Weekly anti-Israel protests outside a Michigan synagogue are protected under the First Amendment, a federal judge ruled last week.

“Peaceful protest speech such as this—on sidewalks and streets—is entitled to the highest level of constitutional protection, even if it disturbs, is offensive, and causes emotional distress,” wrote U.S. District Judge Victoria Roberts of the Eastern Michigan District Court in her 11-page order.

Every Saturday since 2003, a group of protesters has harassed congregants outside of Beth Israel Congregation and placed in front of the synagogue signs that say “Jewish Power Corrupts,” “Zionism is Racism” and “RESIST Jewish Power,” among other statements.

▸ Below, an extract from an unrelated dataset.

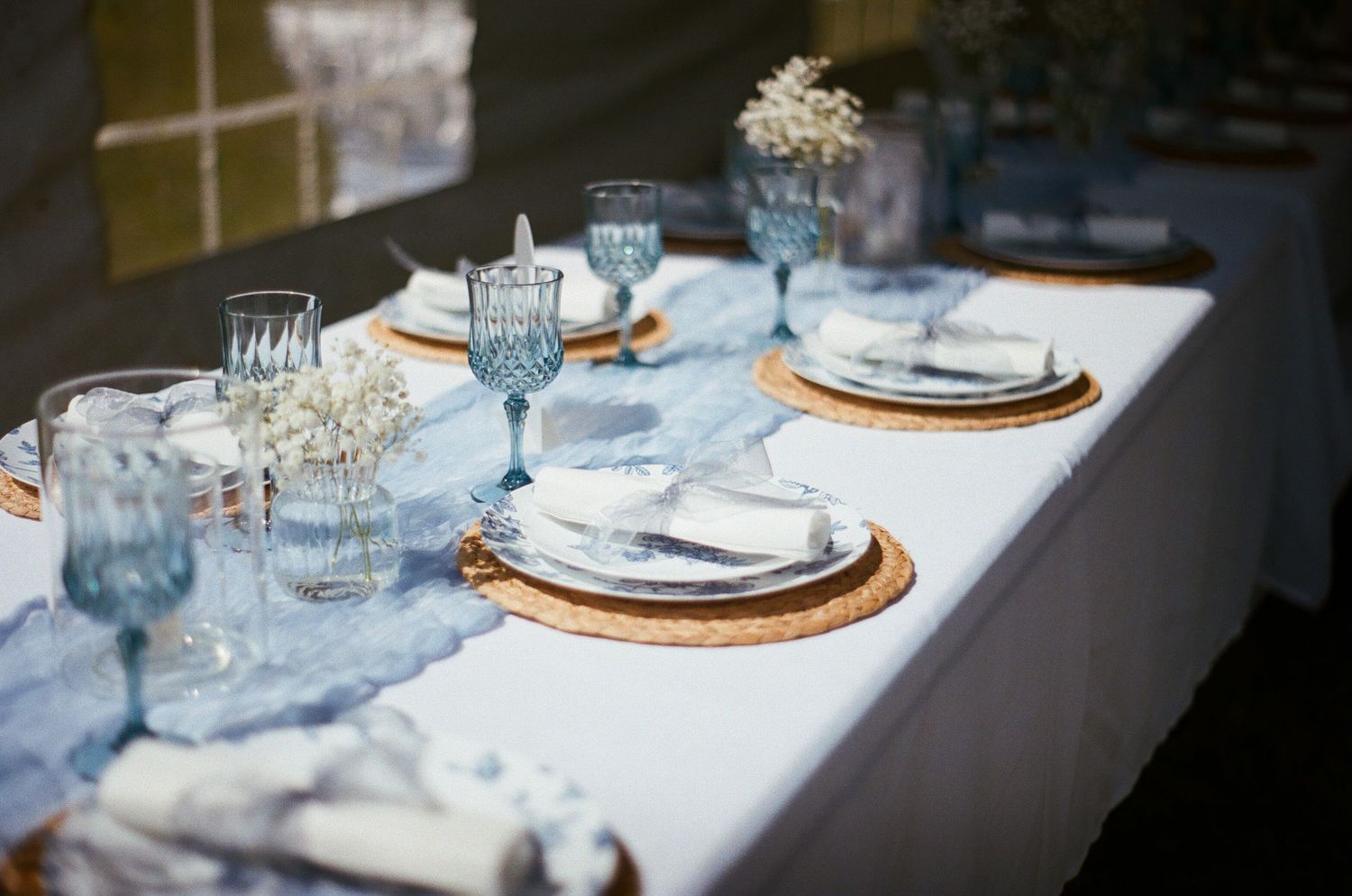 An elegant table setting with blue linens, copper chargers, and delicate white floral centerpieces extends down a long dining table.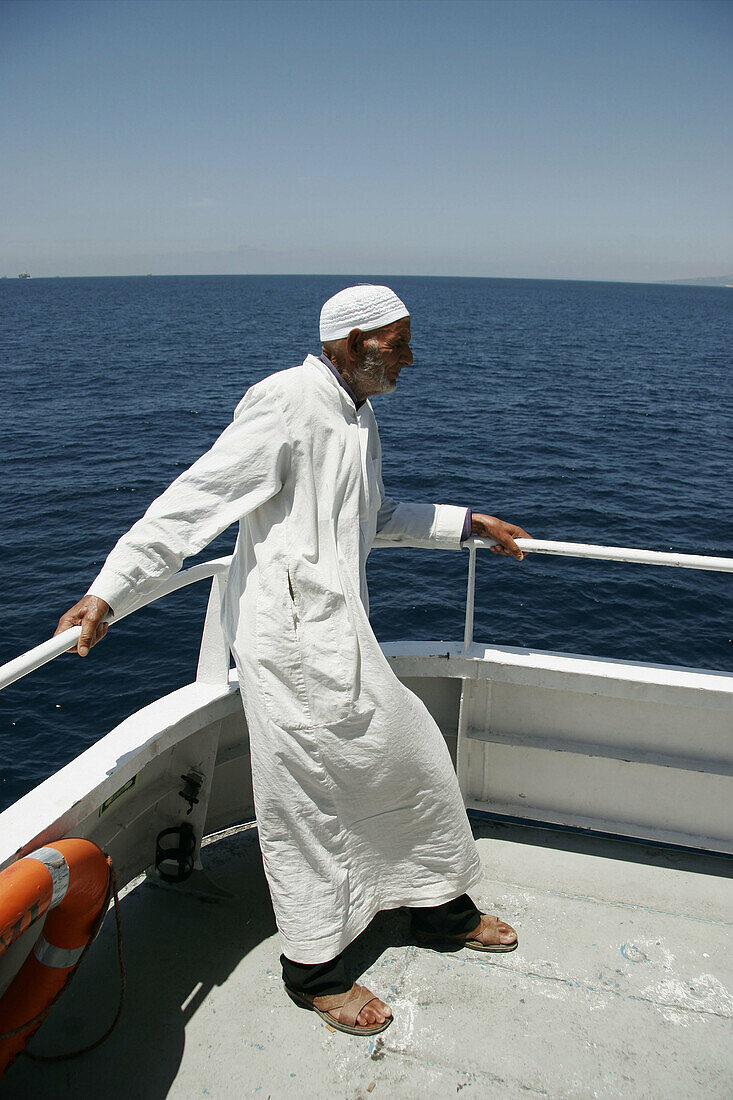 North african man on a ship. Harbour. Tanger. Morocco.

The judge also wrote, “There is no allegation that the protestors prevent plaintiffs from attending sabbath services, that they block plaintiffs’ path onto the property or to the synagogue, or that the protests and signs outside affect the services inside. Plaintiffs merely allege that the defendants’ conduct causes them distress and ‘interferes’ with their enjoyment of attending religious services.”

“They fill our sidewalks with hate speech to harass our worshippers, and then claim it’s just a good public location,” said Rabbi Nadav Caine in a statement following the ruling.

The plaintiffs in the lawsuit were Beth Israel Congregation member Marvin Gerber and Ann Arbor resident Miriam Brysk, a Holocaust survivor. Ann Arbor Mayor Christopher Taylor, protester Henry Herskovitz and his two organizations—Jewish Witnesses for Peace, and Palestinian Friends and Deir Yassin Remembered—were listed as defendants.

The protesters are in violation of the city’s existing ordinances; however, Ann Arbor has done nothing to limit the protests.